WHAT THE EXERCISE ASKS - Pull out every line from the listing that has the word "code".

DATA SECTION -
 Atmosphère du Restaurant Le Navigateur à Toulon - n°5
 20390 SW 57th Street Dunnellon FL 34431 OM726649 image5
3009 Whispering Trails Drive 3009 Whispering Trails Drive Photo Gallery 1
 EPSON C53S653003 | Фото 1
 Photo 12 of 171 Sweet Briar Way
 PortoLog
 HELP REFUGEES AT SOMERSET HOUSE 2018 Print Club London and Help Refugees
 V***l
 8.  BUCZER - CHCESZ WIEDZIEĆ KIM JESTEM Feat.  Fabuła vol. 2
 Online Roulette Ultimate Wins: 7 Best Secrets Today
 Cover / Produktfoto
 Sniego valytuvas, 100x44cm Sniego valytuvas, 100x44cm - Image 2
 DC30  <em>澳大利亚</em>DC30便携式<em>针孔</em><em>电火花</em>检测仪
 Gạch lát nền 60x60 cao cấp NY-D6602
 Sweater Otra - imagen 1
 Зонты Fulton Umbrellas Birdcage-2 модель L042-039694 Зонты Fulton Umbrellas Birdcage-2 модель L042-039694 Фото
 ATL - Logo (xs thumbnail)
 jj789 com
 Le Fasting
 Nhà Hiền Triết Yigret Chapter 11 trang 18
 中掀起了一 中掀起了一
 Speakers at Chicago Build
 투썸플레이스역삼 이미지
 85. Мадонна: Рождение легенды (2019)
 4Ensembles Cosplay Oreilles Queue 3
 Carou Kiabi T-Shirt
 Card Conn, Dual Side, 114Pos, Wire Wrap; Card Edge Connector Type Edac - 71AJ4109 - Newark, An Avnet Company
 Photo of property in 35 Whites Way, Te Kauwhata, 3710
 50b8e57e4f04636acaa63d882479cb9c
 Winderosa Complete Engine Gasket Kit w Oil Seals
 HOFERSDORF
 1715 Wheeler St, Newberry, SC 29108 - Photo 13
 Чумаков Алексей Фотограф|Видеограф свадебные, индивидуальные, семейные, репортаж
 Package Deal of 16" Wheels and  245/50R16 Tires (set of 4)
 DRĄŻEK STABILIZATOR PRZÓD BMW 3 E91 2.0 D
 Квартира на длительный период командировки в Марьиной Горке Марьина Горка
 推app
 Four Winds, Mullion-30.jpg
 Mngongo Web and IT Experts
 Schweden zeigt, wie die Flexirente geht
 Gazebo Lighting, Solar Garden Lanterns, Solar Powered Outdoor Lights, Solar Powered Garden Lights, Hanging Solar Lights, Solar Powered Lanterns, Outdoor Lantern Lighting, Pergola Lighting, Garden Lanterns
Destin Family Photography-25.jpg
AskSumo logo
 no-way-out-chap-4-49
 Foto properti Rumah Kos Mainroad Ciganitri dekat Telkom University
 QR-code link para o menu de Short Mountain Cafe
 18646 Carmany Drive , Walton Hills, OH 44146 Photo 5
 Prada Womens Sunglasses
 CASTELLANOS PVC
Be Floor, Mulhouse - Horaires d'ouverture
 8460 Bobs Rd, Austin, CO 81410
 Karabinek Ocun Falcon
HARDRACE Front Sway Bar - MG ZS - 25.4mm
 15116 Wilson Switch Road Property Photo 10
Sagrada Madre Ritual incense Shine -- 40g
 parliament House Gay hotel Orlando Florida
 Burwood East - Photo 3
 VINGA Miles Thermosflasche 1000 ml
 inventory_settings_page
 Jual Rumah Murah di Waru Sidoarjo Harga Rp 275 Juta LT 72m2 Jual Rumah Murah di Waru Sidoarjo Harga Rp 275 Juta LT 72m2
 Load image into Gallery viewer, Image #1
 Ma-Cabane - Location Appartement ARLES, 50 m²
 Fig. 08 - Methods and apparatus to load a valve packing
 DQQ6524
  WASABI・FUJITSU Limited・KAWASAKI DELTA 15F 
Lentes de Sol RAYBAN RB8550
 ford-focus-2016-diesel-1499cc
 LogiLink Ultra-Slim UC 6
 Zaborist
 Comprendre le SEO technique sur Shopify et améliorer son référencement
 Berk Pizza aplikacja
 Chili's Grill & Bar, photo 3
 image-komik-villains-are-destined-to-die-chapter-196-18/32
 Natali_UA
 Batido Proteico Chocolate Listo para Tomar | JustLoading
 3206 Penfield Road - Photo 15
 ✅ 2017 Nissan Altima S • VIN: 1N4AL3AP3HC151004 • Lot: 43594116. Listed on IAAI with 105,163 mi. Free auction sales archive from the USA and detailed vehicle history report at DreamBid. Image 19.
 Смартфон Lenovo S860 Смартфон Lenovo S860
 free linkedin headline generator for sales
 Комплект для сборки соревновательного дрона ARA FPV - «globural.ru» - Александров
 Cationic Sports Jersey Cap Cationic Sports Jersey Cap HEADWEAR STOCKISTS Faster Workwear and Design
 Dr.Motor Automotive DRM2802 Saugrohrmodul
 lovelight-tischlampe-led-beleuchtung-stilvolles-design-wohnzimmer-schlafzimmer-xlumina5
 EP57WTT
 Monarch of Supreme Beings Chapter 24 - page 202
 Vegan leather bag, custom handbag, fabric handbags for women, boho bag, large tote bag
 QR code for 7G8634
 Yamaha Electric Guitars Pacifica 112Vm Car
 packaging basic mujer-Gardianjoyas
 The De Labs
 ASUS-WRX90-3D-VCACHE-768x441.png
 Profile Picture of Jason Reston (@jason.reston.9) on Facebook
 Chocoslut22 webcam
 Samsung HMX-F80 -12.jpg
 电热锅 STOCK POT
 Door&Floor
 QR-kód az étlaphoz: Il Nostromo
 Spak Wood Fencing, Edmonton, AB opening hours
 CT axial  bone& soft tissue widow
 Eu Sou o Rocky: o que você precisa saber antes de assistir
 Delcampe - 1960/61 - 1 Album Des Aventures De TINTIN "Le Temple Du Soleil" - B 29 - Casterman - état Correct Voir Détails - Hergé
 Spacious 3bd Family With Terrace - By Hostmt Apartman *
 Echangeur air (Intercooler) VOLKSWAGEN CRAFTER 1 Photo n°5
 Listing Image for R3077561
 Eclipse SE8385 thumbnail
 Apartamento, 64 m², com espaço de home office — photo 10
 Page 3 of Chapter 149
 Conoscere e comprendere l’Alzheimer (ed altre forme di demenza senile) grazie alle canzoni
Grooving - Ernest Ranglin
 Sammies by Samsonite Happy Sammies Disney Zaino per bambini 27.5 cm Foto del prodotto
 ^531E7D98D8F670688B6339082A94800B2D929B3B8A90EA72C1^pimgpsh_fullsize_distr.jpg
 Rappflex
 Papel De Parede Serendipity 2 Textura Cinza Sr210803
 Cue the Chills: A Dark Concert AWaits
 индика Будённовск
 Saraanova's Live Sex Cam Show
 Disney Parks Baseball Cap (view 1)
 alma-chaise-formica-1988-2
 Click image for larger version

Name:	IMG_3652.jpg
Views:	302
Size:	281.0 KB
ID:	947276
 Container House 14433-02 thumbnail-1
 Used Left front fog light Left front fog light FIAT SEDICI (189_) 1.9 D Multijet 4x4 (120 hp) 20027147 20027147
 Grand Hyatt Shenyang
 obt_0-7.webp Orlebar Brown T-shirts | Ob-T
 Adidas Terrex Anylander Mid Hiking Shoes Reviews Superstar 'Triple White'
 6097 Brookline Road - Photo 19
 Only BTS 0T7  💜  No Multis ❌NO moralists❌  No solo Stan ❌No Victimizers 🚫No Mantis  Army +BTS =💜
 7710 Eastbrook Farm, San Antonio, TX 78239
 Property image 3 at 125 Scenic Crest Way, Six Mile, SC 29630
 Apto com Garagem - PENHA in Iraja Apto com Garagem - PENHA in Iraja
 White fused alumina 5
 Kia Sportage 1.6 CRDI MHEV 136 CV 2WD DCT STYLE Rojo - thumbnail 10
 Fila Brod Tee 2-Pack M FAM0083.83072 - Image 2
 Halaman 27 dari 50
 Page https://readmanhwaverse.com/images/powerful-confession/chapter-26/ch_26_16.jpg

SOLUTION FOR THIS TASK -
 QR-code link para o menu de Short Mountain Cafe
 QR code for 7G8634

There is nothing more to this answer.